15.2. Das Schiedsgericht setzt sich aus fünf ordentlichen Mitgliedern, (keine Vorstandsmitglieder), zusammen. Es wird derart gebildet, daß jeder Streitteil innerhalb von zwei Wochen dem Vorstand zwei ordentliche Mitglieder als Schiedsrichter namhaft macht. Die so namhaft gemachten Schiedsrichter wählen mit Stimmenmehrheit ein fünftes ordentliches Mitglied zum Vorsitzenden des Schiedsgerichtes. Bei Stimmengleichheit entscheidet unter den vorgeschlagenen das Los.
15.3. Das Schiedsgericht fällt seine Entscheidungen bei der Anwesenheit aller seiner Mitglieder mit einfacher Stimmenmehrheit. Es entscheidet nach bestem Wissen und Gewissen.

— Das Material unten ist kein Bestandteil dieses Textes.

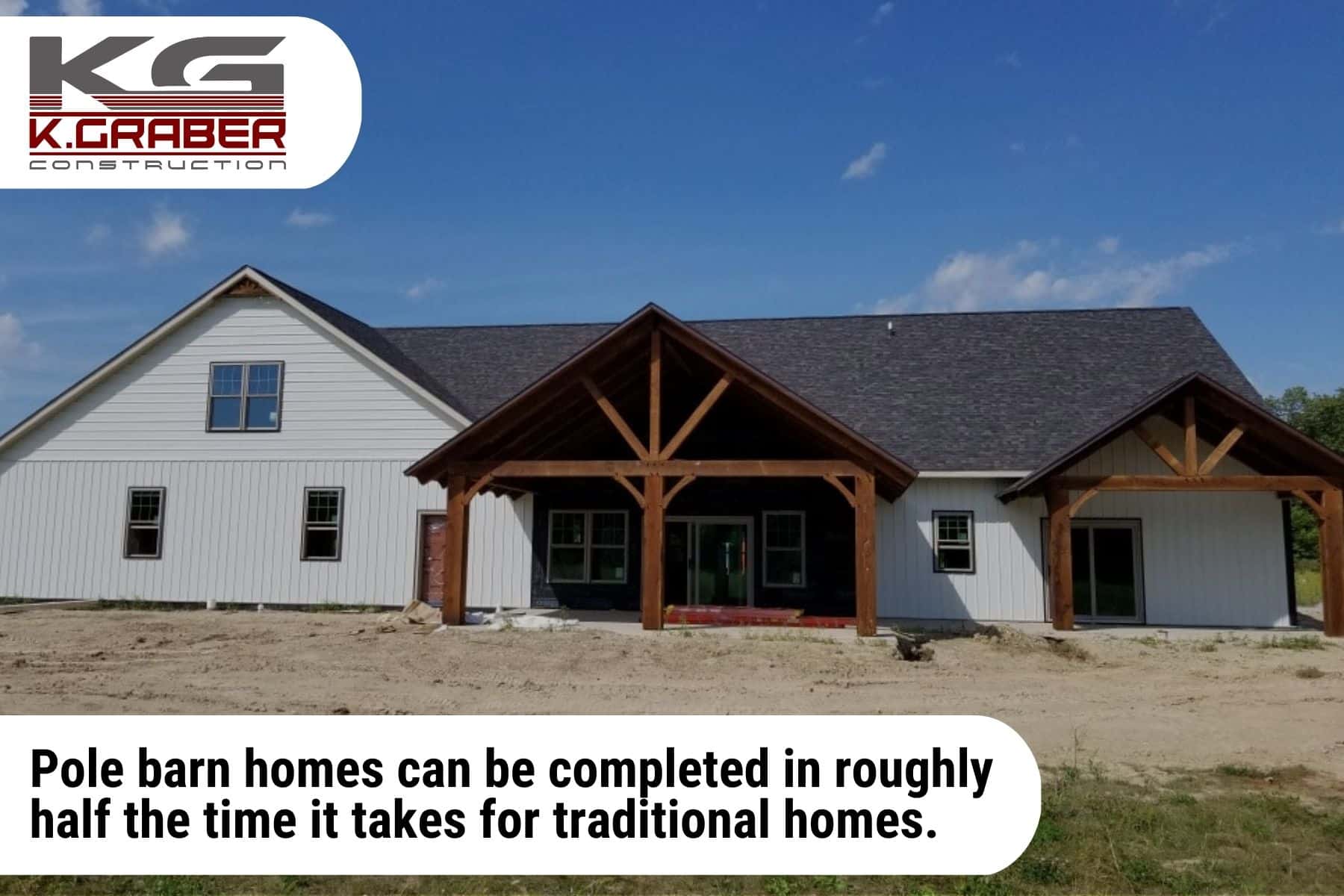 pole-barn-homes-can-be-completed-in-roughly-half-the-time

Seine Entscheidungen sind vereinsintern endgültig.
§ 16 Die Generalversammlung, Obliegenheiten und Geschäftsordnung derselben

(1)Die ordentliche Generalversammlung findet jährlich, vorzugsweise gegen Ende des Geschäftsjahres, statt und muß wenigstens 14 Tage vorher den Mitgliedern bekannt gegeben werden.
(2)Anträge, die bei diesen Versammlungen unbedingt behandelt werden müssen, sind bis 8 Tage vor der Generalversammlung beim Vorstand schriftlich einzubringen.
(3)Der Generalversammlung ist vorbehalten:
             - Die Wahl des Vorstandes nach Periodenablauf und bei Bedarf immer.
             - Die Wahl der Rechnungsrevisoren nach Periodenablauf und bei Bedarf immer.
             - Die Festsetzung der Beitrittsgebühr, der Mitgliedsbeiträge und anderer Beiträge
             - Die Änderung der Statuten.
             - Die Auflösung des Vereines.
             - Die Zu- und Aberkennung der Ehrenmitgliedschaft auf Antrag.
(4)Die Generalversammlung kann weitere Beorderte festlegen, welche gleichzeitig Vorstandsmitglieder sein können. Dabei muß auch der Aufgabenkreis festgelegt werden.
(5)Die Einberufung einer außerordentlichen Generalversammlung muß erfolgen, wenn wenigstens 10% der Vollmitglieder (Gründer, Ehrenmitglieder) unter schriftlicher Bekanntgabe der gewünschten Tagesordnung bei dem Vorstand darum ansuchen. Der Vorstand ist in diesem Falle verpflichtet die Versammlung innerhalb eines Monats einzuberufen.
(6)Jede Generalversammlung ist beschlußfähig, wenn ein Drittel der stimmberechtigten Mitglieder anwesend ist. Ist diese Anzahl nicht termingerecht erschienen, dann findet eine Stunde später eine neue Generalversammlung mit derselben Tagesordnung statt, welche ohne Rücksicht der Anzahl der Anwesenden beschlußfähig ist.
(7)Alle Wahlen und Beschlüsse erfolgen, soweit diese Statuten nicht anders vorsehen, mit einfacher Stimmenmehrheit, bei Stimmengleichheit gilt der Gegenstand als abgelehnt.

 

§ 17 Auflösung des Vereines

(1)Die freiwillige Auflösung des Vereines wird mit dreiviertel Majorität in einer hierzu eigens bestimmten Generalversammlung beschlossen. Die Generalversammlung ist jedoch nur beschlußfähig, wenn mindestens zwei Drittel der Mitglieder anwesend sind.
(2)Das noch vorhandene Vereinsvermögen wird im Falle der freiwilligen Auflösung bevorzugt dem roten Kreuz, oder einer Nachfolgeorganisation gleicher Zielrichtung, auf alle Fälle einem wohltätigen, allgemein nützenden Zweck, welche die Generalversammlung bestimmt, zugeführt.

(3)Die Auflösung ist vom letzen Vereinsvorstand der Behörde schriftlich anzuzeigen.